Obviously xml has nothing to do with x-mas...

This is my input file (UTF-8 with BOM):

 

 

 

<?xml version="1.0" encoding="UTF-8"?>
<saves>
<!-- is Does the prolog help for Unicode support? -->
<item>
<!-- what happens to this & that comment? -->
<name>Wäßrige lösung</name>
<info>Wenig substanz wird in viel wasser gelöst.</info>
...

 

 

 

This is my simple script:

 

 

 

// WriteXmlData-b.jsx
// Read UTF data and write it back
#target framemaker

main ();

function main () {
var oXmlSettings, xmlData, sXmlFile = "WriteXml.xml"; // file exists in same dir as this script;

$.bp(true);
xmlData = GetXMLdata (sXmlFile);
WriteXMLdata (xmlData, sXmlFile);
} // --- End main --------------------------------

function WriteXMLdata (xmlData, sXmlFile) { // =============================================
var fXmlFile;
fXmlFile = new File($.fileName.replace (/[^\\\/]+$/i , sXmlFile));

try {
fXmlFile.open("w");
fXmlFile.write(xmlData);
fXmlFile.close();
} catch (e) {
alert("" + e.message + "\nThere are problems writing the XML file!");
}
return true;
} // --- End WriteXML ----------------------------

function GetXMLdata (sXmlFile) { // =======================================================
var fXmlFile, xData;

if ((sXmlFile == null) || (sXmlFile == undefined)) {
return false;
} else {
fXmlFile = new File($.fileName.replace (/[^\\\/]+$/i , sXmlFile)); // file in script folder
}
if (fXmlFile.exists === false) {
alert ("XML file «" + sXmlFile + "» not found.");
return false;
}
fXmlFile.open("r");
try {
xData = new XML(fXmlFile.read());
fXmlFile.close();
return xData;
} catch (e) {
alert ("Read error on XML file «" + sXmlFile + "». Error:\n "+ e); fXmlFile.close();
return false;
}
} //--- end getXMLdata -----------------------------

 

 

 

When running this program step by step I see the internal presentation


After writing I see in the file (it is still UTF-8 with BOM):

  1. Where is the prologue?
  2. Why do I have Chinese characters?
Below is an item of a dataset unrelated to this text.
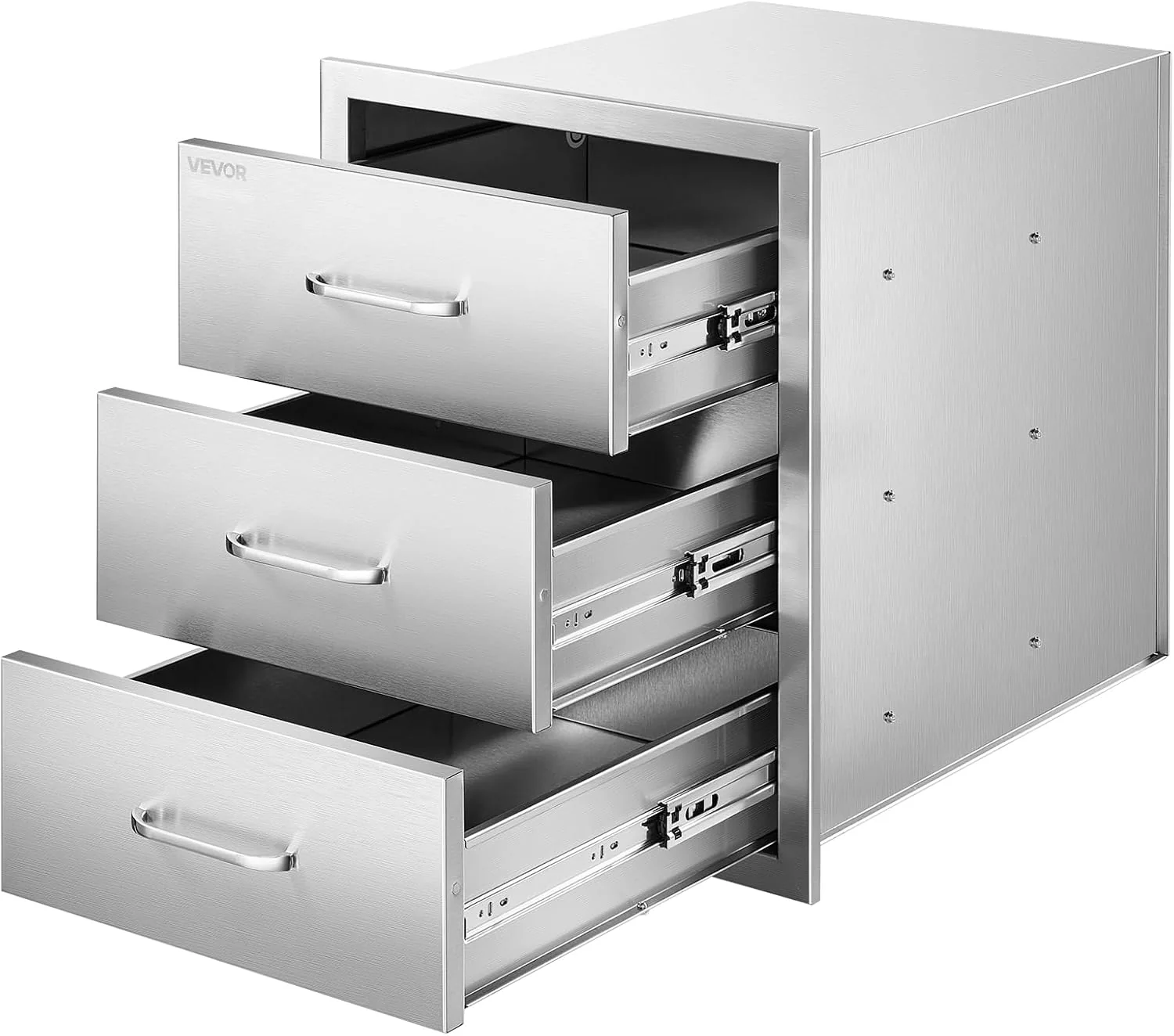 VEVOR Outdoor Kitchen Drawer Cabinet, Stainless Steel, 18.11 inch W x 23.23 inch D x 23.23 inch H, 3 Drawers VEVOR Outdoor Kitchen Drawer Cabinet, Stainless Steel, 18.11 inch W x 23.23 inch D x 23.23 inch H, 3 Drawers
The strange characters actually are u4000, u07C0 and u6000.
  3. What is UNICODE good for XML if it is necessary to use entities for all but the ASCII characters?
このトピックへの返信は締め切られました。
解決に役立った回答 Klaus Göbel

Hello Klaus my friend,

if you save a file like this

fXmlFile.open("w");
fXmlFile.write(xmlData);

... then you create a new file that is saved as UTF-8.(hopefully but not sure)

 

But if you want to save a file with UTF-8 AND BOM, you have to do this:

    var BOM = "\uFEFF";
    fXmlFile.open('w');
    fXmlFile.encoding = "UTF-8";
    fXmlFile.write(BOM);
    fXmlFile.write(xmlData);

 

 

返信数 1

K.Daube
Community Expert
K.DaubeCommunity Expert作成者
Community Expert
December 14, 2020

This is absolutely strange:

I have modified the main script to use two files, one for input and one for output and also to explicitly keep the comments:

 

function main () { // ============================
var xmlData, sXmlFileIn = "WriteXml-saved.xml", sXmlFileOut = "WriteXml.xml";

$.bp(true);
oXmlSettings = XML.defaultSettings(); 
oXmlSettings.ignoreComments = false;  
XML.setSettings(oXmlSettings);        

xmlData = GetXMLdata (sXmlFileIn);
WriteXMLdata (xmlData, sXmlFileOut);
} // --- End main --------------------------------

 

Before running the script I checked the output file: it exists, is empty, is UTF-8 with BOM (and hence is 3 bytes long).

After the script run the file is Windows Code Page, but contains all items except the prolog:

 

<saves>
  <!-- is Does the prolog help for Unicode support? -->
  <item>
    <!-- what happens to this & that comment? -->
    <name>Wäßrige lösung</name>
    <info>Wenig substanz wird in viel wasser gelöst.</info>
...

 

  What the heck is going on here?

Klaus Göbel
Klaus Göbel解決!
Legend
December 14, 2020

Hello Klaus my friend,

if you save a file like this

fXmlFile.open("w");
fXmlFile.write(xmlData);

... then you create a new file that is saved as UTF-8.(hopefully but not sure)

 

But if you want to save a file with UTF-8 AND BOM, you have to do this:

    var BOM = "\uFEFF";
    fXmlFile.open('w');
    fXmlFile.encoding = "UTF-8";
    fXmlFile.write(BOM);
    fXmlFile.write(xmlData);

 

 

K.Daube
Community Expert
K.DaubeCommunity Expert作成者
Community Expert
December 14, 2020

Thanks Klaus,

I completely forgot that in the WriteXMLdata function I always create a new new file to write the full XML structure.

And now I get what I want, even if the input file does not have a prolog:

<saves>
  <!-- Does the prolog help for Unicode support? -->
  <item>
    <!-- what happens to this & that comment? -->
    <name>Wäßrige lösung</name>
    <info>Wenig substanz wird in viel wasser gelöst.</info>

Klaus, you are a great mind-saver!